If you’ve been an Xbox One gamer since launch, then chances are you’ve been frustrated by the state of the gaming headset market for the console. At first, Microsoft didn’t support standard headsets at all, then it introduced a special adaptor, and only earlier this year did it finally start partnering with Turtle Beach to make wireless headsets.

The result was the Turtle Beach Ear Force Stealth 500X, a headset that we liked because it completely cut the cord between you and the console, but didn’t like because of its £230 price point. Since then, we’ve also had the excellent Elite 800X come in at only £20 more and redefine our expectations for a wireless gaming headset. From Bluetooth to active noise cancellation and a magnetic charging dock, the Elite 800X had it all. And now we have the Ear Force Stealth 420X, the most affordable wireless Xbox One headset yet at £150.

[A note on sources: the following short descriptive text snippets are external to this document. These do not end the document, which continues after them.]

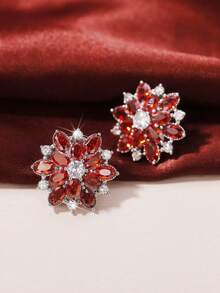 1 paire de boucles d'oreilles à tige en zircone cubique exquises, convenant comme cadeau de la Saint-Valentin, pour le mariage, les fiançailles, l'anniversaire, les accessoires de fête pour femmes - Argent - Voir 6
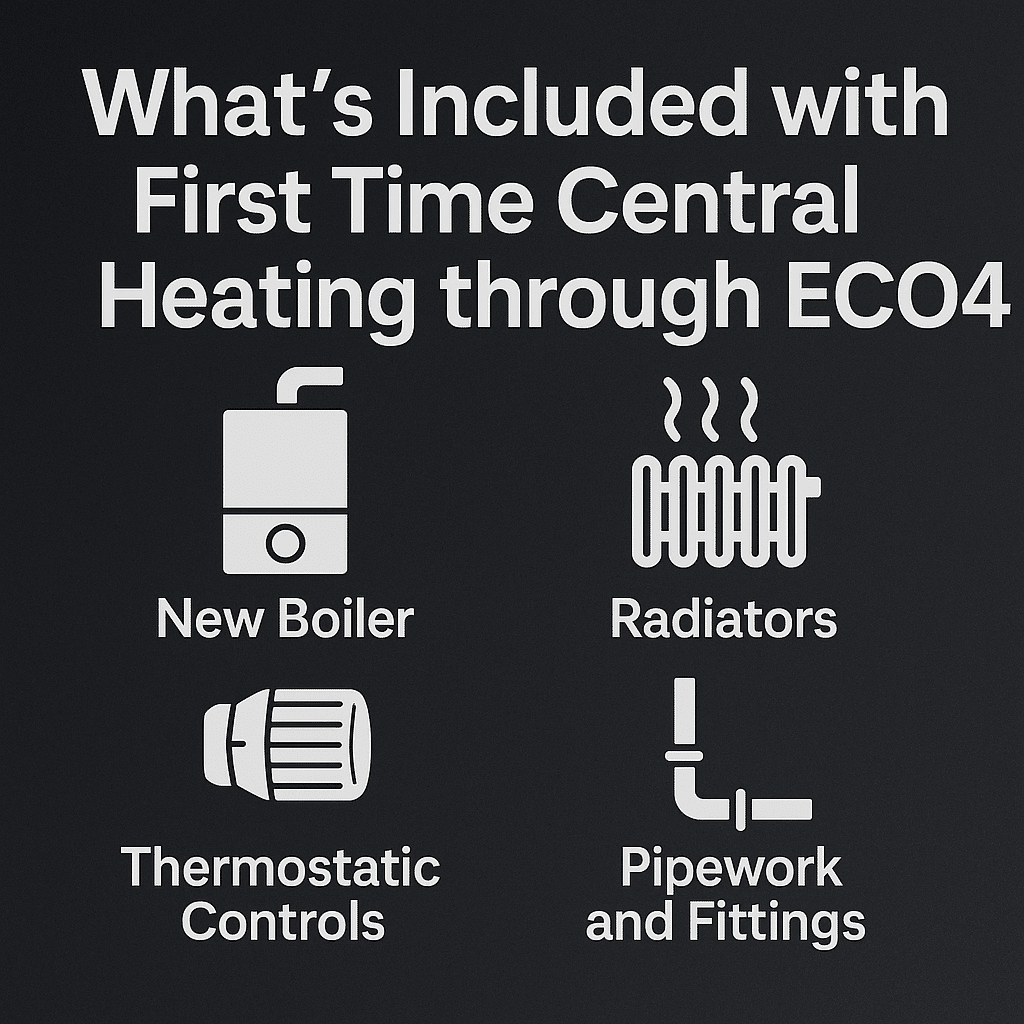 Items included in a First time Central heating through ECO4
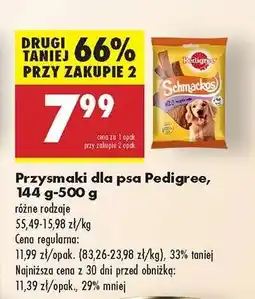 Biedronka Przysmaki dla psa Pedigree 144 g 500 g oferta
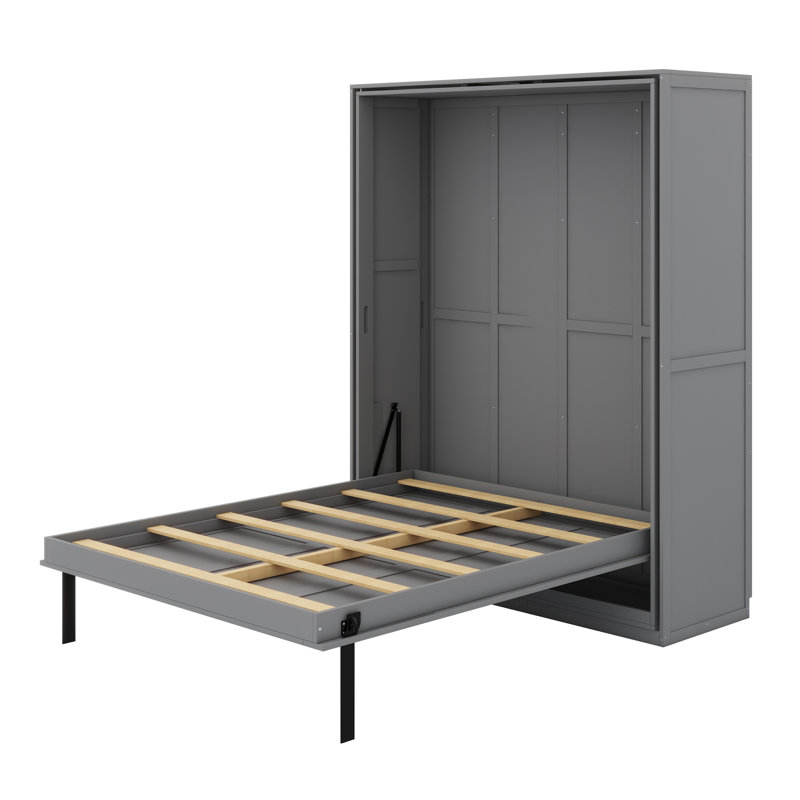 Lit escamotable Murphy avec supports de rangement dissimulés, Gris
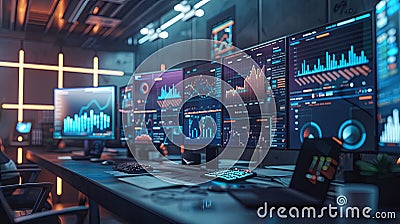 A modern marketers office with multiple screens displaying AI algorithms analyzing user behavior and optimizing ad Stock Photo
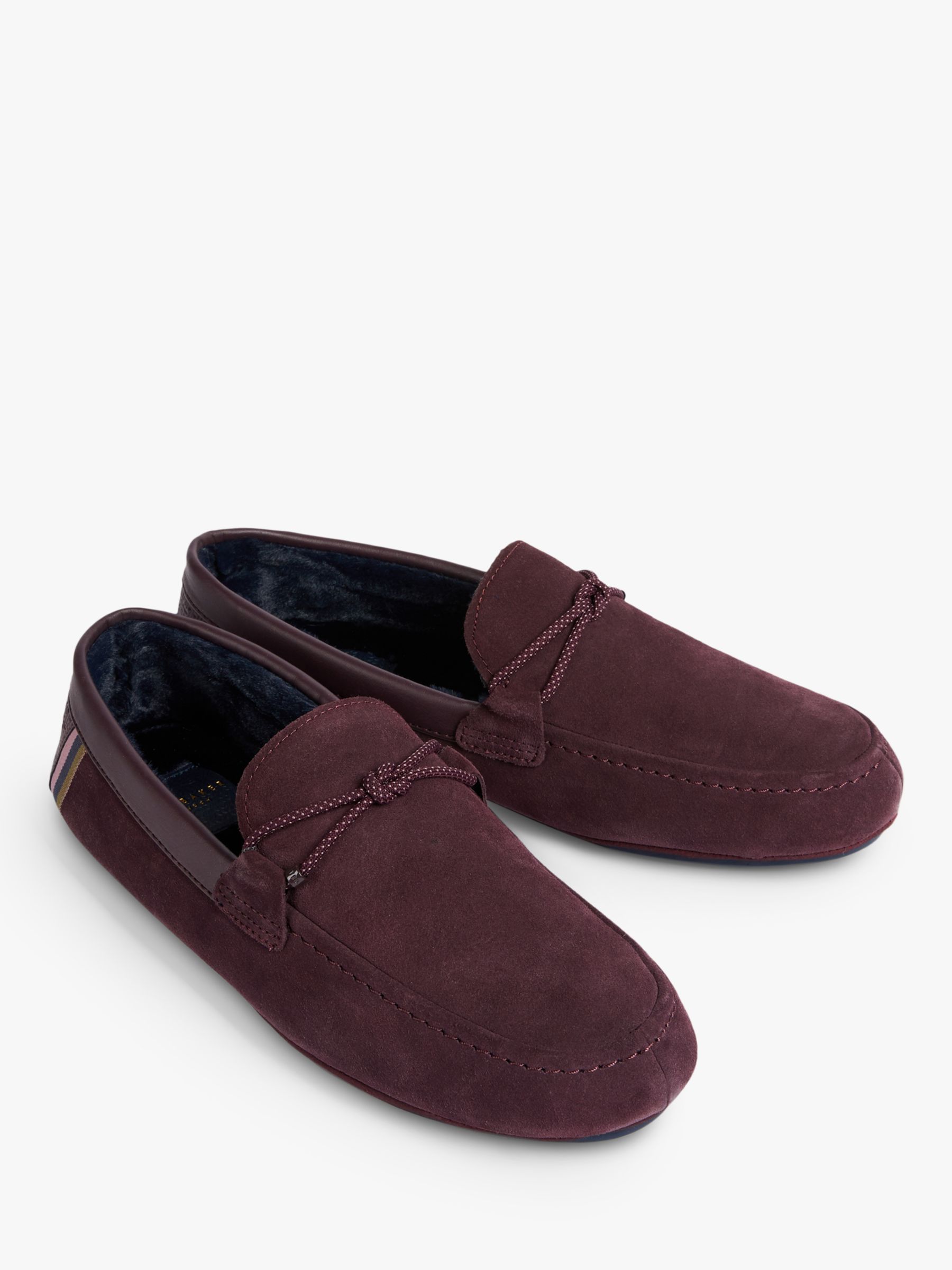 Ted Baker Seffel Leather Moccasin Slippers, Dark Red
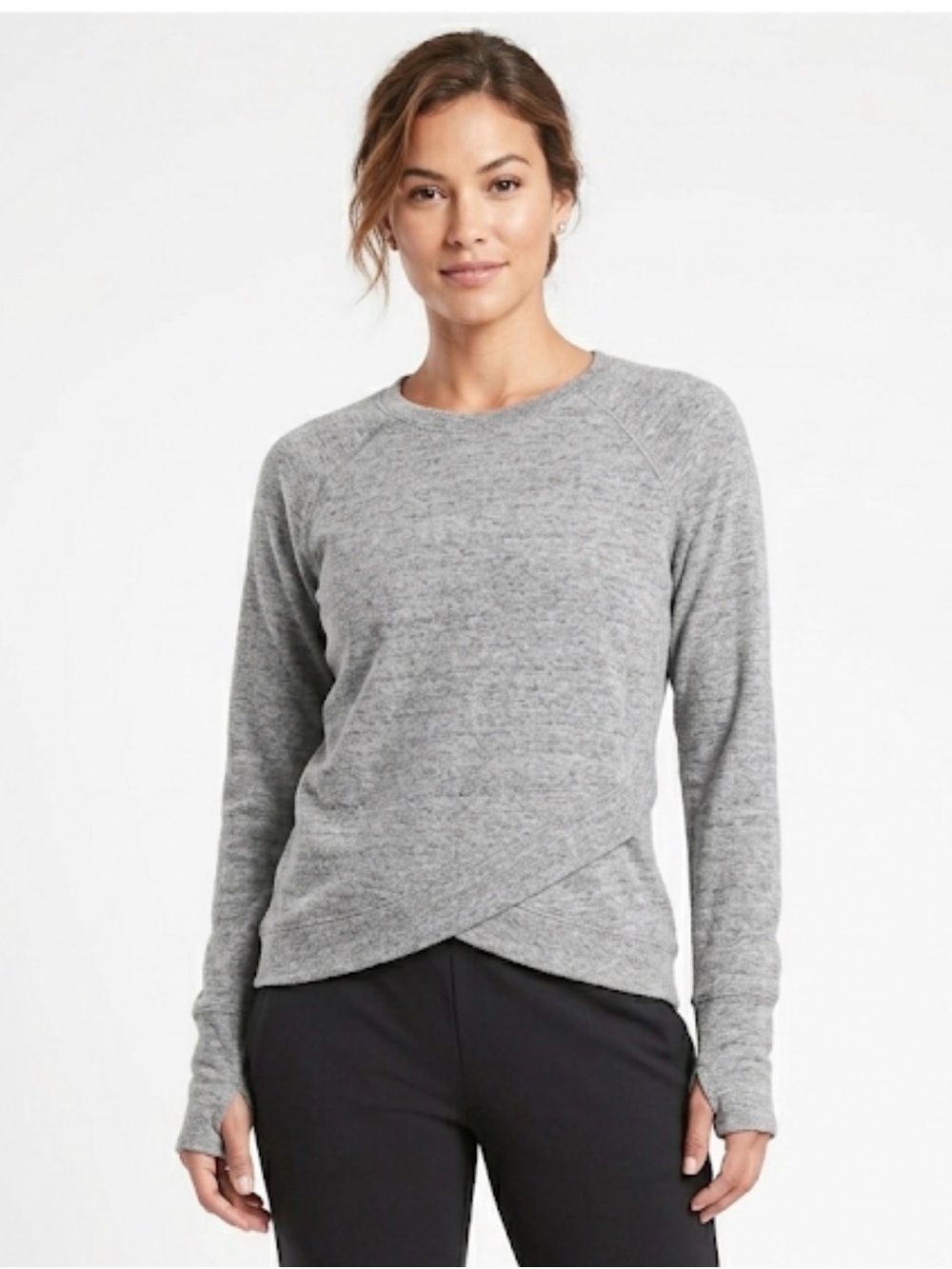 Athleta Criss Cross Sweatshirt in Charcoal Heather, distinctive tulip-edged hem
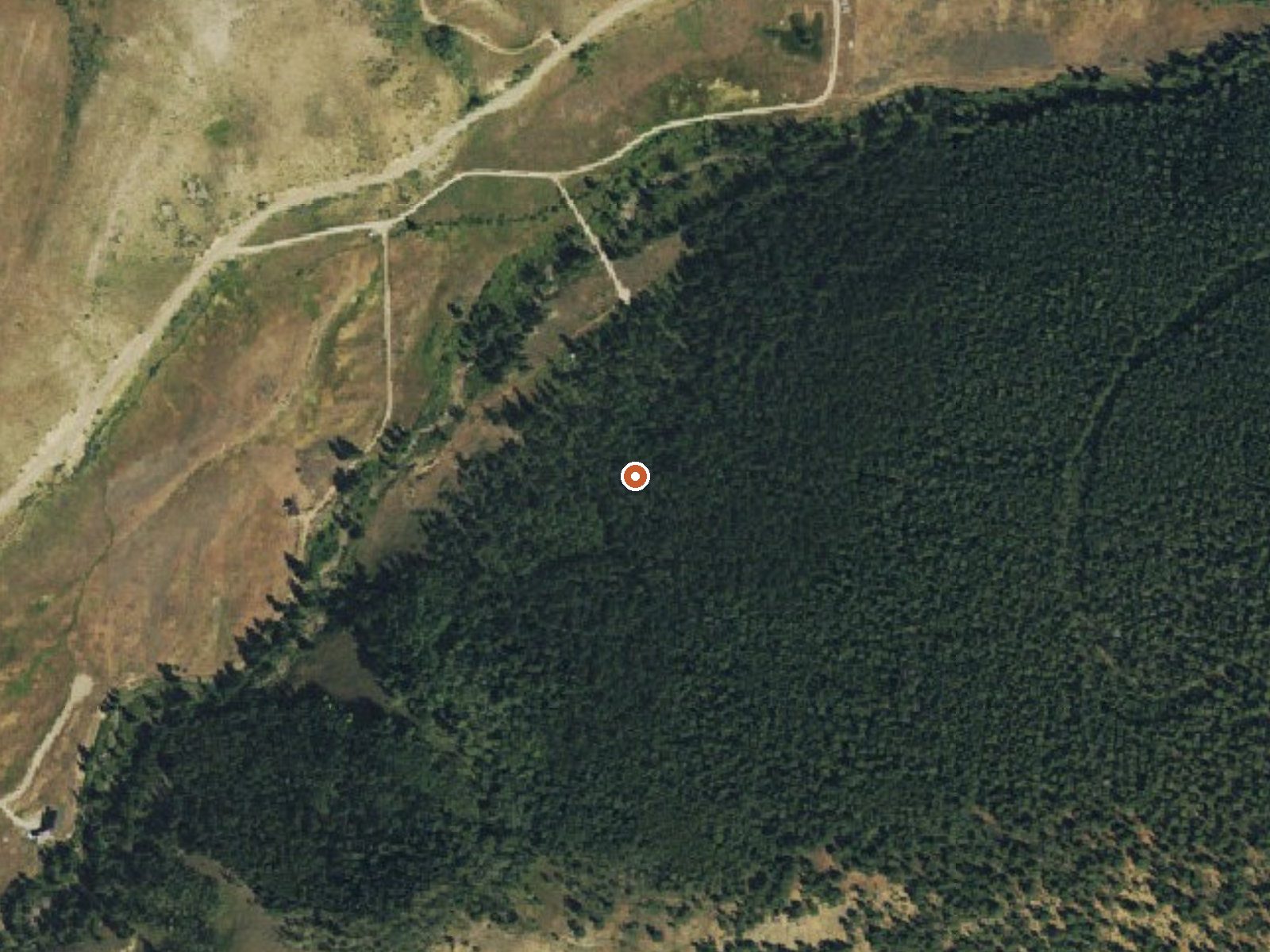 Aerial view of the ground around Ranger Hot Spring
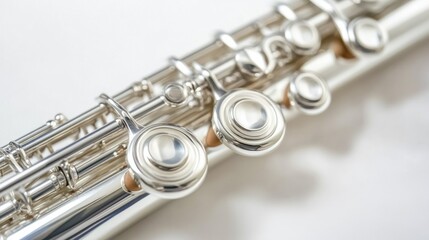 Fototapeta premium Silver piccolo with polished keys, isolated on white background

NB: A quick note on prices. The Stealth 420X is exclusive to Argos and Turtle Beach’s online store, which means that there’s no way to shop around and make a saving. The Stealth 500X, meanwhile, is now readily available for £170 online, while the Elite 800X is £220.

The Ear Force Stealth 420X is a good looking headset, and it’s still rare that we’re able to say that about a Turtle Beach product. From the gaudy colour scheme to the abundance of logos and ridiculous amount of buttons, headsets like the Stealth 500X screamed “gamer”. But credit where it’s due, Turtle Beach has finally realised that not all gamers are 16 year-old boys playing 12 hours of CoD a day in their parents’ basements. The 2015 range, of which the Stealth 420X is a part, is something you could actually wear out-and-about.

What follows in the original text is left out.